--- Task to complete ---
Every record must be copied exactly, from first line to last.

--- Brief descriptive captions ---
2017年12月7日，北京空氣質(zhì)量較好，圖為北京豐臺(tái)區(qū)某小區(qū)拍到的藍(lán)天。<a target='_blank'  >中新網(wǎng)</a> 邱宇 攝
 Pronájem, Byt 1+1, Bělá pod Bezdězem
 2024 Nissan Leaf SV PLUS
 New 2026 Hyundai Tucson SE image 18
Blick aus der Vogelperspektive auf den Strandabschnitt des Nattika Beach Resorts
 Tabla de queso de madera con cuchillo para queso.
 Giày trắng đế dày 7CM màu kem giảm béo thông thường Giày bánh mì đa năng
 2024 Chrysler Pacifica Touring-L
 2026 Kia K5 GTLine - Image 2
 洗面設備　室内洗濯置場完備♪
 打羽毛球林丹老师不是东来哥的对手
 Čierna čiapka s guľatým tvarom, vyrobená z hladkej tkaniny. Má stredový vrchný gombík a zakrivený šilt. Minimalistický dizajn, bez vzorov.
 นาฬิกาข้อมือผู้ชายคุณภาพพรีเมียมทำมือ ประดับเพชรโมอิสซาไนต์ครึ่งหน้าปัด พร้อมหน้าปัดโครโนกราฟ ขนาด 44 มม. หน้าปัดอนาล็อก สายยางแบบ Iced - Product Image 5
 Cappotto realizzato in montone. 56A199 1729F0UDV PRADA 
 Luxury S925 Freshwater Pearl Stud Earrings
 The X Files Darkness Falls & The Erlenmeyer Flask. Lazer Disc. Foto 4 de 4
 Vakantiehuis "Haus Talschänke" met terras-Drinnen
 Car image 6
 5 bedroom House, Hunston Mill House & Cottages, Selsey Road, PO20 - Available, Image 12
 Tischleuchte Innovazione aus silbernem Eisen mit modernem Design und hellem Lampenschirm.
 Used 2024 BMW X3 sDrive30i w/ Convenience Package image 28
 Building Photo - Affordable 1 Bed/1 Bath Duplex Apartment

--- Response below ---
2017年12月7日，北京空氣質(zhì)量較好，圖為北京豐臺(tái)區(qū)某小區(qū)拍到的藍(lán)天。<a target='_blank'  >中新網(wǎng)</a> 邱宇 攝
 Pronájem, Byt 1+1, Bělá pod Bezdězem
 2024 Nissan Leaf SV PLUS
 New 2026 Hyundai Tucson SE image 18
Blick aus der Vogelperspektive auf den Strandabschnitt des Nattika Beach Resorts
 Tabla de queso de madera con cuchillo para queso.
 Giày trắng đế dày 7CM màu kem giảm béo thông thường Giày bánh mì đa năng
 2024 Chrysler Pacifica Touring-L
 2026 Kia K5 GTLine - Image 2
 洗面設備　室内洗濯置場完備♪
 打羽毛球林丹老师不是东来哥的对手
 Čierna čiapka s guľatým tvarom, vyrobená z hladkej tkaniny. Má stredový vrchný gombík a zakrivený šilt. Minimalistický dizajn, bez vzorov.
 นาฬิกาข้อมือผู้ชายคุณภาพพรีเมียมทำมือ ประดับเพชรโมอิสซาไนต์ครึ่งหน้าปัด พร้อมหน้าปัดโครโนกราฟ ขนาด 44 มม. หน้าปัดอนาล็อก สายยางแบบ Iced - Product Image 5
 Cappotto realizzato in montone. 56A199 1729F0UDV PRADA 
 Luxury S925 Freshwater Pearl Stud Earrings
 The X Files Darkness Falls & The Erlenmeyer Flask. Lazer Disc. Foto 4 de 4
 Vakantiehuis "Haus Talschänke" met terras-Drinnen
 Car image 6
 5 bedroom House, Hunston Mill House & Cottages, Selsey Road, PO20 - Available, Image 12
 Tischleuchte Innovazione aus silbernem Eisen mit modernem Design und hellem Lampenschirm.
 Used 2024 BMW X3 sDrive30i w/ Convenience Package image 28
 Building Photo - Affordable 1 Bed/1 Bath Duplex Apartment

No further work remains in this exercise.